UX design inspiration from “Thinking, fast and slow”
If you have been following me, you’ve known that my daily job is to design complex B2B systems. Sometimes, for B2B products, the complexity is not what we want to avoid, but what we want to provide instead. Think about Google Analytics and Google Search. The level of complexity highly depends on the business needs of a product.
It’s nothing wrong to be complex, but complexity does not mean it’s difficult to use.
How can we, as designers make it easier for users?
Reading the book reminded me of some good practices in UX that helps reduce mental efforts. The secret behind is benefits from matching the two thinking systems.
Benefits of matching System 1 & 2
In the book, Kahneman describes two different ways the brain forms thoughts:
- System 1: Fast, automatic, frequent, emotional, stereotypic, unconscious.
- System 2: Slow, effortful, infrequent, logical, calculating, conscious.
For example, when seeing the button, I perceive alert and danger (System 1). Because of this, I wouldn’t click it right away. I will take the time to figure out the meaning and determine if I want to perform this action or not (System 2).
In the example, the info System 1 delivers is matching and supporting System 2’s job.
Because of the laziness of human nature, users would always like to minimize the total mental efforts. Therefore, the benefits of matching the two systems in user experience are:
- Build the user’s trust in the system. Delivering as users expect can create more fluent interactions and prevent user errors. On the contrary, misalignment of what users perceive and what it actually does will force users to guess the outcome and remind themselves of the potential risks.
- Increases the user’s efficiency. As I mentioned, System 2 is used for solving more complicated problems. Getting the consistent information allows users to focus their mental effort on what is core to their goal instead of what is it, what to expect or how to find what they need.
How can we make use of it?
Build a cohesive experience within the product
Users should not see different words, interface, or experience to represent the same thing in one product. Minimize the user’s memory load by applying a standardized design system. Even if you don’t have a design system yet, applying the same patterns will be a good start. Small things like keep save button always at the right-hand side and cancel on the left will unload a lot more efforts than we can imagine.
In Adele, you can find really good examples of design systems.

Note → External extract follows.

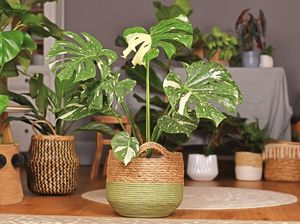5 Titik Penempatan Monstera Deliciosa untuk Datangkan Hoki di Rumah 5 Titik Penempatan Monstera Deliciosa untuk Datangkan Hoki di Rumah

Design the product to be consistent with the real world
The product should speak the users’ “language”, with vocabulary, visual elements and concepts familiar to the user. Following real-world conventions save users efforts to learn and adapt.
Noted that user’s affordance is established from the previous experience, it varies from culture, context and mindset of the action taker.
For example, we all know that English speakers read from left to right and from top to bottom. That’s why an F-shaped reading pattern for web content is not surprising. And naturally, the F shape is mirrored for Arabic speakers, because they read from right to left.
When designing the hierarchy a page, it’s important to consider the reading order.
Frame it in the best way
Until now we were talking about offering users the things they want the most. However, when necessary, we can also make use of the information passed from System 1 to System 2. By framing the message in a different way, the perception and conclusions of users will be affected deeply.
Kathryn Whitenton talked about how cognitive biases in decision frames affect UX practitioners. In the article, she talked about 2 statements describing the exact same result logically. But the conclusions users came to were very different. For instance, if we want to maintain the user satisfaction, we should probably use the second one.
Break the mold when necessary
Habits users have already formed are not always the best solutions. Breaking it certainly has risks as we mentioned. However, build a new and better pattern is sometimes necessary.
I recently read a related article by Theo Strauss about how Lyft design the search bar.
Our System 1 is trained to make us look for the search bar at the top. However, Lyft’s search bar isn’t at the tippy-top, but in a sweet spot for thumbs. This is a brave move built on a justified reason.